= Classified Records =

US independent record label

Classified Records was an independent record label based in San Francisco, California, that released music by Jocelyn Enriquez, Pinay, Julie Plug, M:G, Drop 'n Harmony, as well as the Serenade compilation series. Founded by Kormann Roque, Noel Laxamana, Rino Que, and Elvin Reyes in 1993, the label was well known within the Filipino community since many staff members and recording artists were of Filipino descent.

== History ==

Classified Records' first release was the debut album by Jocelyn Enriquez, who became popular with her hit records "I've Been Thinking About You", "Do You Miss Me?", and "A Lil' Bit of Ecstasy" produced by Glenn Gutierrez. The label's other notable singles included "Is It Real" by Pinay along with "Sweet Honesty" and "What Do You Remember" by M:G, which also charted on Billboard magazine. R&B male group Drop N Harmony and alternative band Julie Plug rounded out their roster. Plug remains a legendary staple in the San Francisco indie band scene. Classified released three slow jam CDs called "Serenade" that featured slow jams by Filipino American artists across the globe that garnered a strong following from its Filipino American fanbase.

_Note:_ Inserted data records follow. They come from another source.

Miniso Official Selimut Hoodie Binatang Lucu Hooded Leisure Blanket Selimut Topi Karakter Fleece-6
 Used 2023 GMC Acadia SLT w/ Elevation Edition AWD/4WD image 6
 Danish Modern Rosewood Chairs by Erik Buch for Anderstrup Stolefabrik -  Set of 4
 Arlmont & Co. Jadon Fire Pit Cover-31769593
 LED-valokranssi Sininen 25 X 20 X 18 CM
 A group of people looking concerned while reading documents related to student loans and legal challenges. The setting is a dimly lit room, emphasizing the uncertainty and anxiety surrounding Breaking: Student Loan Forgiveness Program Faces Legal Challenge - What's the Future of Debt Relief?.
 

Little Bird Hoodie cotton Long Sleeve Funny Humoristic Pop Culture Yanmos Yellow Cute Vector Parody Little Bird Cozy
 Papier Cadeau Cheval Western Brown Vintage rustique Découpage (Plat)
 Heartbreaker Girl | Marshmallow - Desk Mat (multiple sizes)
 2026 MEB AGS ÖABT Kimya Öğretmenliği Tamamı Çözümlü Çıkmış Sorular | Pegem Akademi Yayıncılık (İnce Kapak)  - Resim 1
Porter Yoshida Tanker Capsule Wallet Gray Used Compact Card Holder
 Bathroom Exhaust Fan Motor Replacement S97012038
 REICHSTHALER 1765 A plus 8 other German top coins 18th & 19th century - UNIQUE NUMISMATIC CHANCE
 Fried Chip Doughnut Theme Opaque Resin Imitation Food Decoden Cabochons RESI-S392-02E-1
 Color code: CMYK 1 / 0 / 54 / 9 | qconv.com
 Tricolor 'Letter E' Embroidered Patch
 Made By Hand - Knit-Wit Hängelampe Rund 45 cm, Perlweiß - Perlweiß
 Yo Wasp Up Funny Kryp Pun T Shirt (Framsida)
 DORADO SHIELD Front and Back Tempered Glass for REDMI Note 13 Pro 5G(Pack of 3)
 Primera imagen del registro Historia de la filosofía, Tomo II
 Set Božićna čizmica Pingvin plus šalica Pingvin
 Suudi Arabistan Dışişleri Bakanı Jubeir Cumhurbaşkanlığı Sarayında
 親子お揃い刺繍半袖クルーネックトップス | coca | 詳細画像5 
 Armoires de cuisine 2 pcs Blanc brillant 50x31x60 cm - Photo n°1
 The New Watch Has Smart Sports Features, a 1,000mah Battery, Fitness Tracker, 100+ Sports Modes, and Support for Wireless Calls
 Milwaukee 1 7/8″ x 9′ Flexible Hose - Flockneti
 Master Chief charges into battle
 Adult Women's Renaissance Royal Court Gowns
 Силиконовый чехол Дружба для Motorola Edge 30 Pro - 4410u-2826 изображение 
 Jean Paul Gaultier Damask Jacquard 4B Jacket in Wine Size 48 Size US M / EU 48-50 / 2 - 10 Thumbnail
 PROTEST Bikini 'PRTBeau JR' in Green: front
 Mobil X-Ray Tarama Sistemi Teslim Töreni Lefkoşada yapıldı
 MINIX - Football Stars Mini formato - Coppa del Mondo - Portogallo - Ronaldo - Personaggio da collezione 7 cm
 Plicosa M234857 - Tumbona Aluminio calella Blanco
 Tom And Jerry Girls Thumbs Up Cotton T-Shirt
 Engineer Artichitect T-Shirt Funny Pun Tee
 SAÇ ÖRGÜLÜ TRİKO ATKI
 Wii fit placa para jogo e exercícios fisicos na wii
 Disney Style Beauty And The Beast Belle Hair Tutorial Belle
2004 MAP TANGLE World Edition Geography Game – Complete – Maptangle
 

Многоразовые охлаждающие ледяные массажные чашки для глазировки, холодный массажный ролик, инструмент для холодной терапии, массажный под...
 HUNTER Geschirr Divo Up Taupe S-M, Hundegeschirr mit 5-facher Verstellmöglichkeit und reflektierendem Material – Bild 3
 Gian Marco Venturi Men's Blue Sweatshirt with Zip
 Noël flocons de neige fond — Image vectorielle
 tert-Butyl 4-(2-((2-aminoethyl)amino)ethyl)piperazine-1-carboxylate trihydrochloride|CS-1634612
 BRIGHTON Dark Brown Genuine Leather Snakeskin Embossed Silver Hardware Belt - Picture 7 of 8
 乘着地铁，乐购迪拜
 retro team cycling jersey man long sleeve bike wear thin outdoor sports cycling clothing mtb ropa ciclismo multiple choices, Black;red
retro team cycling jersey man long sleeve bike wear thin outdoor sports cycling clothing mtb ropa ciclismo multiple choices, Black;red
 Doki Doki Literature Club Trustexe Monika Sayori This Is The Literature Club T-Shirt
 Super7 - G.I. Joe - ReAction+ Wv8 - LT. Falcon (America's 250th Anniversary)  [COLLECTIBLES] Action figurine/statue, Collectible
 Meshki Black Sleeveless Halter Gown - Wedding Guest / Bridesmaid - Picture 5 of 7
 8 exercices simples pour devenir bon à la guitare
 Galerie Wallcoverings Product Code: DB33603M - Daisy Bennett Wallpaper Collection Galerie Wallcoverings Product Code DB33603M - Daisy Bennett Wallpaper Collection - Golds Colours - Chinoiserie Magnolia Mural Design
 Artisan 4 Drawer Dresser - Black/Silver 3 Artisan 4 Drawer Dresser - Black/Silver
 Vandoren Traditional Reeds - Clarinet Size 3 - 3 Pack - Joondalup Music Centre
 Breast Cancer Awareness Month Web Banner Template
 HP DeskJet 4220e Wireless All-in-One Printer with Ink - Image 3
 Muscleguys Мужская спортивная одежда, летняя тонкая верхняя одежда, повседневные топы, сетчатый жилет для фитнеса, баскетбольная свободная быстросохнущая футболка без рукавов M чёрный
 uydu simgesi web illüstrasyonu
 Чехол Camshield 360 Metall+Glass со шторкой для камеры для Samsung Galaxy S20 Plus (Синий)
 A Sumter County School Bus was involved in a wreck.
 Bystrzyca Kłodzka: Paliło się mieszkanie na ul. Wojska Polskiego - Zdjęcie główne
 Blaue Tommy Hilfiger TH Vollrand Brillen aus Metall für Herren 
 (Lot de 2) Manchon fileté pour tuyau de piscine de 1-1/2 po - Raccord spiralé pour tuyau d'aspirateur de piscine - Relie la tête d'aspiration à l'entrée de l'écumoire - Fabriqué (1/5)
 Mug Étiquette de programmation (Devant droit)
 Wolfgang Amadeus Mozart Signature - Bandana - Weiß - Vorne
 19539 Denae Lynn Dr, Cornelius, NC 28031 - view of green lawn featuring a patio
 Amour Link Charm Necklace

After a brief joint venture with Tommy Boy Records, the original Classified Records closed its doors in 2001 with a few Classified executives and producers starting their own indie labels. Producer/songwriters JP Nebres, Matt Villacarte, and Glenn Gutierrez partnered to form Planet Hype, releasing music by singer-songwriter Sharyn Maceren, Pinay, Ace High (a hip-hop trio that included Traxamillion), and Drop 'n Harmony (DnH). Planet Hype also provides mixing, mastering and production services as well as serving as a digital distribution solution for a number of independent artists, including American Idol contestants Todrick Hall, Charity Vance, and Sway Penala. Former Classified Records executive Reno Ursal started his own label, Rhythm Drive Records, releasing music by Malyssa and Alvendia. Ursal's Young Adult novel "Enlightenment" Book 1 of The Bathala Series was released in 2019 winning multiple literary awards.

In 2006, CJ Harris purchased the license to the name "Classified Records." The new incarnation of Classified Records is based in San Diego, California.